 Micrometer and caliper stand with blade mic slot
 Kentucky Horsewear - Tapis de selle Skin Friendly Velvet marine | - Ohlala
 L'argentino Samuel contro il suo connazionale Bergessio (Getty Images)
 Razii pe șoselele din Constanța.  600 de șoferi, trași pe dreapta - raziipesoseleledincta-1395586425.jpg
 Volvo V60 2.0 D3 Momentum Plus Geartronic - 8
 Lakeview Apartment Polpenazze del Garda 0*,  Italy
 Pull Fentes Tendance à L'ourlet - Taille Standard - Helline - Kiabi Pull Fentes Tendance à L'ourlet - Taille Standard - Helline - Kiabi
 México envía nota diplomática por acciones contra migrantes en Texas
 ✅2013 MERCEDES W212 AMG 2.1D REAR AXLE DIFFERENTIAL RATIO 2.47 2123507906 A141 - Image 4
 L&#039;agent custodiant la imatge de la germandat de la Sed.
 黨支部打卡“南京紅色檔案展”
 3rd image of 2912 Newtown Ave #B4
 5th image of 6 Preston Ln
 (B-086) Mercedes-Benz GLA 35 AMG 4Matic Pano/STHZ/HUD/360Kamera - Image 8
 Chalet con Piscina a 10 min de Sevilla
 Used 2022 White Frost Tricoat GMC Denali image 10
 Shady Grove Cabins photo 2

## [YOUR GOAL]
Your output should consist solely of the lines from the beginning of the entries through the line containing "A141 - Image 4", reproduced exactly.

## [EXERCISE ANSWER]
 Micrometer and caliper stand with blade mic slot
 Kentucky Horsewear - Tapis de selle Skin Friendly Velvet marine | - Ohlala
 L'argentino Samuel contro il suo connazionale Bergessio (Getty Images)
 Razii pe șoselele din Constanța.  600 de șoferi, trași pe dreapta - raziipesoseleledincta-1395586425.jpg
 Volvo V60 2.0 D3 Momentum Plus Geartronic - 8
 Lakeview Apartment Polpenazze del Garda 0*,  Italy
 Pull Fentes Tendance à L'ourlet - Taille Standard - Helline - Kiabi Pull Fentes Tendance à L'ourlet - Taille Standard - Helline - Kiabi
 México envía nota diplomática por acciones contra migrantes en Texas
 ✅2013 MERCEDES W212 AMG 2.1D REAR AXLE DIFFERENTIAL RATIO 2.47 2123507906 A141 - Image 4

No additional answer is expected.